[Source data]
----

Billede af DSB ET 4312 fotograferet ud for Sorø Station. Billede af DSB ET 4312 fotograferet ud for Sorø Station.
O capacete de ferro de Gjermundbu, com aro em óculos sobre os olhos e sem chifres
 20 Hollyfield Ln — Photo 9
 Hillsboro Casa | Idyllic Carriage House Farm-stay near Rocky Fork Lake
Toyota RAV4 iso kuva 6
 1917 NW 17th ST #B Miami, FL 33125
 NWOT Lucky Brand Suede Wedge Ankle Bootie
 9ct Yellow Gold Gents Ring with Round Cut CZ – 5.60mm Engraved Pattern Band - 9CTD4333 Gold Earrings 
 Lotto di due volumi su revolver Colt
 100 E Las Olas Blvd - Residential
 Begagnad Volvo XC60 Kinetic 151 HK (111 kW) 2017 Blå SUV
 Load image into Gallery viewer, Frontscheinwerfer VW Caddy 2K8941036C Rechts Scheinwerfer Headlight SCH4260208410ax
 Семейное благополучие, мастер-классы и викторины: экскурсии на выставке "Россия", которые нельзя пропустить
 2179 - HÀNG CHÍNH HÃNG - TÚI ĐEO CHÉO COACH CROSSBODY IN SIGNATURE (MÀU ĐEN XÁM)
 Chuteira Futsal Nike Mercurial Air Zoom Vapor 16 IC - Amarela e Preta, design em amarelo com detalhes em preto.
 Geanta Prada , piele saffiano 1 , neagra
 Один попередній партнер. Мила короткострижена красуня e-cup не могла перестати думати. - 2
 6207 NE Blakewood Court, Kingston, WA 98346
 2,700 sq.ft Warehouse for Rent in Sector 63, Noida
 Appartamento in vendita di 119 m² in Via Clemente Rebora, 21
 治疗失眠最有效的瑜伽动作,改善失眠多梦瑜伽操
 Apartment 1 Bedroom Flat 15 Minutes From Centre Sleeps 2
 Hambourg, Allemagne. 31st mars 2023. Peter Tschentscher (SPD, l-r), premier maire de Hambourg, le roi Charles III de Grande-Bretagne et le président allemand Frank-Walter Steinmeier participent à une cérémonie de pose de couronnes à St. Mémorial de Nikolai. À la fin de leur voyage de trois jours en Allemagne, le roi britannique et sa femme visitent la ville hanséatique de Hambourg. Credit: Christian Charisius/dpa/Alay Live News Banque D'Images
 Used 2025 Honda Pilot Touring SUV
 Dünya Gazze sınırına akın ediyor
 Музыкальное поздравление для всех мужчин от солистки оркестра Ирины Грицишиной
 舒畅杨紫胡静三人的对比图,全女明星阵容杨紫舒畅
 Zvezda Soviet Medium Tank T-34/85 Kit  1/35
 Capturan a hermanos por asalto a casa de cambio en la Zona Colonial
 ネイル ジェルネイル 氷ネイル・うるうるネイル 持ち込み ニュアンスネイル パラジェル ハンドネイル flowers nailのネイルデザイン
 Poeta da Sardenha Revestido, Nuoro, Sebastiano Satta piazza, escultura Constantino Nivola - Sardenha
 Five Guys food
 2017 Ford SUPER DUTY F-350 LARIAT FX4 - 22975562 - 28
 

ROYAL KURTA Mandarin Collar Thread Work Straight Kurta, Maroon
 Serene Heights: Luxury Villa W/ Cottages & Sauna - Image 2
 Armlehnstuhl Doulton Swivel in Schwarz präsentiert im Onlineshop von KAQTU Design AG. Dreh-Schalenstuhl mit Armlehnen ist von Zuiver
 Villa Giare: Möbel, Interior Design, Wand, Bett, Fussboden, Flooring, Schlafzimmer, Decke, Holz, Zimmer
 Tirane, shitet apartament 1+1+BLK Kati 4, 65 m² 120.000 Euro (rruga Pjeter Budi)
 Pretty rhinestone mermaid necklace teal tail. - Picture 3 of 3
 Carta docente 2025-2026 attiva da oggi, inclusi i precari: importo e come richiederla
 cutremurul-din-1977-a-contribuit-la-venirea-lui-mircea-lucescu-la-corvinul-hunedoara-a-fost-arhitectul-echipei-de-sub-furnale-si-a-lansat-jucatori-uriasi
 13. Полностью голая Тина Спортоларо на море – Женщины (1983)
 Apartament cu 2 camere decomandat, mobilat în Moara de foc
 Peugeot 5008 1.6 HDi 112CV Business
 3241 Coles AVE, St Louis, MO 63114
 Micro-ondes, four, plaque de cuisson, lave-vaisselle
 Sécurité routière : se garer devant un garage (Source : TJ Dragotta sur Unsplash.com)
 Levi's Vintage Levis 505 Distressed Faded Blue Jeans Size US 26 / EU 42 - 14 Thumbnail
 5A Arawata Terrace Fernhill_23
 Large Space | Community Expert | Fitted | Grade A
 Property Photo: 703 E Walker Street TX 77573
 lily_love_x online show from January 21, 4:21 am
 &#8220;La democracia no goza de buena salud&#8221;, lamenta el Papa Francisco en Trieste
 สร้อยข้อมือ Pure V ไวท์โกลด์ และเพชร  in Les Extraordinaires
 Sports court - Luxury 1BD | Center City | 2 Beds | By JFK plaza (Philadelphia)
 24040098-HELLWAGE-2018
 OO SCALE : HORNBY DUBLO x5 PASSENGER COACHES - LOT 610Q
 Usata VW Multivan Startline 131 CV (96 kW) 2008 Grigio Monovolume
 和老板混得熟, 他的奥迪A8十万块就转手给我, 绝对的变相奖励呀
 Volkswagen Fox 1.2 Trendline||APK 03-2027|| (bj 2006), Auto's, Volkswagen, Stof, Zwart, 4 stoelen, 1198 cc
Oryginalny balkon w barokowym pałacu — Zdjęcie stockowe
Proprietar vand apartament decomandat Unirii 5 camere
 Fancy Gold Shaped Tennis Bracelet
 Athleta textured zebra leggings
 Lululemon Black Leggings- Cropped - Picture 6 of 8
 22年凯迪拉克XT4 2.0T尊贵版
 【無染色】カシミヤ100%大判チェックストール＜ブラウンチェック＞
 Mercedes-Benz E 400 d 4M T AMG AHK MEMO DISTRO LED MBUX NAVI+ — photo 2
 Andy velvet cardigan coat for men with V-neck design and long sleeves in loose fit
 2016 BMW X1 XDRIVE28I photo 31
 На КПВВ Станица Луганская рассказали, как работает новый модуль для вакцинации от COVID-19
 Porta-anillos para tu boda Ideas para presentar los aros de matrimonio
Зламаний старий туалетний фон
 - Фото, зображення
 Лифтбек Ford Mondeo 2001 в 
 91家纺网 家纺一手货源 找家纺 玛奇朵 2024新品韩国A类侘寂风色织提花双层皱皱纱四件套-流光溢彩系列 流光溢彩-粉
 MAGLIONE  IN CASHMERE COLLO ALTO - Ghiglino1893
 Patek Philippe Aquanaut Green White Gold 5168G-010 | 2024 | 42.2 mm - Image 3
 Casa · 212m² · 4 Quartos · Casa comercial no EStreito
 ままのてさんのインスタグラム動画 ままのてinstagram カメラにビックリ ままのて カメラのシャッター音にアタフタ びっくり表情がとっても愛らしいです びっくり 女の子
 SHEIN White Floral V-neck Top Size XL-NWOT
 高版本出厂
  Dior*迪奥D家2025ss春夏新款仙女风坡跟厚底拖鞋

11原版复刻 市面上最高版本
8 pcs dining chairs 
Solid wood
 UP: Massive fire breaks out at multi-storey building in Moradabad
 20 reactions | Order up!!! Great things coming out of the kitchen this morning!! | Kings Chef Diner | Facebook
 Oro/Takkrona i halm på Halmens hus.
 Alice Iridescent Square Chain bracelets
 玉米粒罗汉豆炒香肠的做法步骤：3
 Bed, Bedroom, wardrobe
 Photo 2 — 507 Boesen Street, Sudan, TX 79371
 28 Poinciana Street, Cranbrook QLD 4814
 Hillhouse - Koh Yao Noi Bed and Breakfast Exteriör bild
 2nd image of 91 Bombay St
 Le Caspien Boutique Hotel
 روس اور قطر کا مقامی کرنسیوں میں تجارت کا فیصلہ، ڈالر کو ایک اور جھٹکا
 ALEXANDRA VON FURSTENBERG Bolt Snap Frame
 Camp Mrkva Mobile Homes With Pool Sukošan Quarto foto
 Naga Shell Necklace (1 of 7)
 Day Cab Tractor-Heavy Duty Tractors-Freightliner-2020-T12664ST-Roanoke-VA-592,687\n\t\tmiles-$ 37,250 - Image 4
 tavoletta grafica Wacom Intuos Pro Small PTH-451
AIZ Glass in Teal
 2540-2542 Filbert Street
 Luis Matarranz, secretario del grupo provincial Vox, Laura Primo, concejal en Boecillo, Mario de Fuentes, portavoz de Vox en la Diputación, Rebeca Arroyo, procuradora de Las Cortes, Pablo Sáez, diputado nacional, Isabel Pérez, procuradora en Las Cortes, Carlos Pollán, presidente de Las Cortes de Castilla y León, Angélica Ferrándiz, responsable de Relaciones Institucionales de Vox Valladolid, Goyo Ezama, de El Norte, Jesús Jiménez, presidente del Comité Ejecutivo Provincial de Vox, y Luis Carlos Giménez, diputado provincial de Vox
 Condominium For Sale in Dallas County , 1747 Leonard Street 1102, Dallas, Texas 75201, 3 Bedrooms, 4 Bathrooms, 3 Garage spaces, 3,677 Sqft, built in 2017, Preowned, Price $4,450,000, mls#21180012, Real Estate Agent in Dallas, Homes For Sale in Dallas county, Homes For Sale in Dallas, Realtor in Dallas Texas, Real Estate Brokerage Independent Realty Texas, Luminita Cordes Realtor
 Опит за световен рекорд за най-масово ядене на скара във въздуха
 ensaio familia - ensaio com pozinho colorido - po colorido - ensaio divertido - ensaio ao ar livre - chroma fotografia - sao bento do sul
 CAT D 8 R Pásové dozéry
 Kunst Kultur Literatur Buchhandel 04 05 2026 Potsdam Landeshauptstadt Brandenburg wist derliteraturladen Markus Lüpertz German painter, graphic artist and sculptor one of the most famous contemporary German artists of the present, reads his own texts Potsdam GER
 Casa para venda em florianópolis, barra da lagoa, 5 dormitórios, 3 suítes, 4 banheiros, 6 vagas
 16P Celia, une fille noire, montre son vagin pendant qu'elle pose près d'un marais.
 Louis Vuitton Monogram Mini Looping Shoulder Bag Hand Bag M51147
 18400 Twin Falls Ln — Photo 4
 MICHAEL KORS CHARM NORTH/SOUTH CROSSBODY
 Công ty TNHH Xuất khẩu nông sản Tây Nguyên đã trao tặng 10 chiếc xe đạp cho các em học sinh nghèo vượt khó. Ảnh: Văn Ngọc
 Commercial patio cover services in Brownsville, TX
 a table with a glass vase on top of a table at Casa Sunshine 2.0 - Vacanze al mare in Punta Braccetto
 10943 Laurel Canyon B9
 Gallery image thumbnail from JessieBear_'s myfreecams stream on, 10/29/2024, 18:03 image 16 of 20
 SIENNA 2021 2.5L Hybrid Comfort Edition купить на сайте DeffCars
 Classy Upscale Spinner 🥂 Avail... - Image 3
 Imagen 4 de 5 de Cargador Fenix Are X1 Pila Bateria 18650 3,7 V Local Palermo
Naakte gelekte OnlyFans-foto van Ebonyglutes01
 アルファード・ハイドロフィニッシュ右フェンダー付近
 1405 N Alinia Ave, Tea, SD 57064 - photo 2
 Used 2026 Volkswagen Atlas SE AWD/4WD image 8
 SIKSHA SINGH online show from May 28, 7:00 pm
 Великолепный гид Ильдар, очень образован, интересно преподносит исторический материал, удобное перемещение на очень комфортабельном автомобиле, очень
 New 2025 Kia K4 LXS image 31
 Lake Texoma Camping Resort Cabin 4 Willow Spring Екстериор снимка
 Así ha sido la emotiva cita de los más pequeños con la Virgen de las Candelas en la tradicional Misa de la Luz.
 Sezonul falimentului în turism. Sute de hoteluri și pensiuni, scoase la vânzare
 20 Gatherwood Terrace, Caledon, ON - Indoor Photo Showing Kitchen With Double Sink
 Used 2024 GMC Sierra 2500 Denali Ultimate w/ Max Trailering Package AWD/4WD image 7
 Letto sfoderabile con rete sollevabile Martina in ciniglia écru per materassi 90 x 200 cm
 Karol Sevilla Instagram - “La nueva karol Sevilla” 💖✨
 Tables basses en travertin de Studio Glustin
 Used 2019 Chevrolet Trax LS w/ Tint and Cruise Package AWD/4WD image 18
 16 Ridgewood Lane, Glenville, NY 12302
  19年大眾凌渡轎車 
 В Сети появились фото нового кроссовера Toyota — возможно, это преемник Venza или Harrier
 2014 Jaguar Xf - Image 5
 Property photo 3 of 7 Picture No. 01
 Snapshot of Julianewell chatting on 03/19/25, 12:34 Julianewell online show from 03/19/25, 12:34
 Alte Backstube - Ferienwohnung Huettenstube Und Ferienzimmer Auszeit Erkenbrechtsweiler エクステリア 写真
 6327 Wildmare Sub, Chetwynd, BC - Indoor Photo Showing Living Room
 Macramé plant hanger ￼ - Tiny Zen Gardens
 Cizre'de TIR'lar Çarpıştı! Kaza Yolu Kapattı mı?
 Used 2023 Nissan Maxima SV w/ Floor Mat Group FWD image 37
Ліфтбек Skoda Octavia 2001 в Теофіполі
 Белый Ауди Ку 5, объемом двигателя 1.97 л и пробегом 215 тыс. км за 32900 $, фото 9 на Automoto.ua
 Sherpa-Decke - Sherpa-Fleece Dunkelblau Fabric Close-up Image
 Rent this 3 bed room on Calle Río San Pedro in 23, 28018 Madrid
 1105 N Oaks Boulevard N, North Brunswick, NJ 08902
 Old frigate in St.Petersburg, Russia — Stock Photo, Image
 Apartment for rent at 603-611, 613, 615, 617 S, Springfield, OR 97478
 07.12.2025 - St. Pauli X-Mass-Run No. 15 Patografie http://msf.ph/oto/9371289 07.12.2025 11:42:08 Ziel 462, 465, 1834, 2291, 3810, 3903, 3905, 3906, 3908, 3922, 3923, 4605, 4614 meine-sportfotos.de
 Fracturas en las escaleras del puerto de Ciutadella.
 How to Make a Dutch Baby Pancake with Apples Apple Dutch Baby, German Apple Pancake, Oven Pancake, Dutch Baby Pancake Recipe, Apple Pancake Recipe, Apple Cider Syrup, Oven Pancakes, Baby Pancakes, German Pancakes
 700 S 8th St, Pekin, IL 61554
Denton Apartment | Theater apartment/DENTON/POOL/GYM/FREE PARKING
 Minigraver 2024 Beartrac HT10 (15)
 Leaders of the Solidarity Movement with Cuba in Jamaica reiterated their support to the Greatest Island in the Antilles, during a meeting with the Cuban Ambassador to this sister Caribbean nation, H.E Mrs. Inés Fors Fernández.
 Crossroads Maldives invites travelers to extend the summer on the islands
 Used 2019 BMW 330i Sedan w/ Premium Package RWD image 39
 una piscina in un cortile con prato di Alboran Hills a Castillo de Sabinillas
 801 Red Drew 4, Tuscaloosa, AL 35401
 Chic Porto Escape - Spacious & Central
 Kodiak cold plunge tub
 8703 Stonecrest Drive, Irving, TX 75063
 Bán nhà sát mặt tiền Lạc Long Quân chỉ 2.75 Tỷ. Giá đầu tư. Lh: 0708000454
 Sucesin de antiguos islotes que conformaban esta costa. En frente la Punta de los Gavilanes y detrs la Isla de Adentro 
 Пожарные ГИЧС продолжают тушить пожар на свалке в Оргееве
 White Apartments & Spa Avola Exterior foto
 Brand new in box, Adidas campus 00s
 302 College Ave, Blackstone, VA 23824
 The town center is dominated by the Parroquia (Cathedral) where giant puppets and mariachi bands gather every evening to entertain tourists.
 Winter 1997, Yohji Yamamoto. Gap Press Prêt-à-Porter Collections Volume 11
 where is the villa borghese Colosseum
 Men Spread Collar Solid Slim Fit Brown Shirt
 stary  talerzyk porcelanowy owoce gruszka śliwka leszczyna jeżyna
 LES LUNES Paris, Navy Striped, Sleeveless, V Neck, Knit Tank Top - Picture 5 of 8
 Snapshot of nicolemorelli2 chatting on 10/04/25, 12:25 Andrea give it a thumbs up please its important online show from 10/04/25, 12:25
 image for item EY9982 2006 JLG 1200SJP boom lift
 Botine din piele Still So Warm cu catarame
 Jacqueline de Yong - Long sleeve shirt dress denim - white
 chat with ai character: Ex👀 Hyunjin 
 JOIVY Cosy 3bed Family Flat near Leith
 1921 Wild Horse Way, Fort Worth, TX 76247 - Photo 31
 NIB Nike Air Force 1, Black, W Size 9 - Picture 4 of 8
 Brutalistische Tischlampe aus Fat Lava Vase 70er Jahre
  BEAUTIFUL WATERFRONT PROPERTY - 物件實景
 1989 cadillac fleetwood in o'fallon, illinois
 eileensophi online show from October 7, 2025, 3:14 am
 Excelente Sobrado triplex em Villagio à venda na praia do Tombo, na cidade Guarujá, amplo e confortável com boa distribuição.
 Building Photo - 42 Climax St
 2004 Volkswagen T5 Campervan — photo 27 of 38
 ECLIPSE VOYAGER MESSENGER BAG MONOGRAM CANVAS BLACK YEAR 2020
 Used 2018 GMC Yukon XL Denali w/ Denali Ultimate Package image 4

----

__What you will do__
Across the records, count the lines holding the string "camere". Give the number and stop.

__Task solution__
2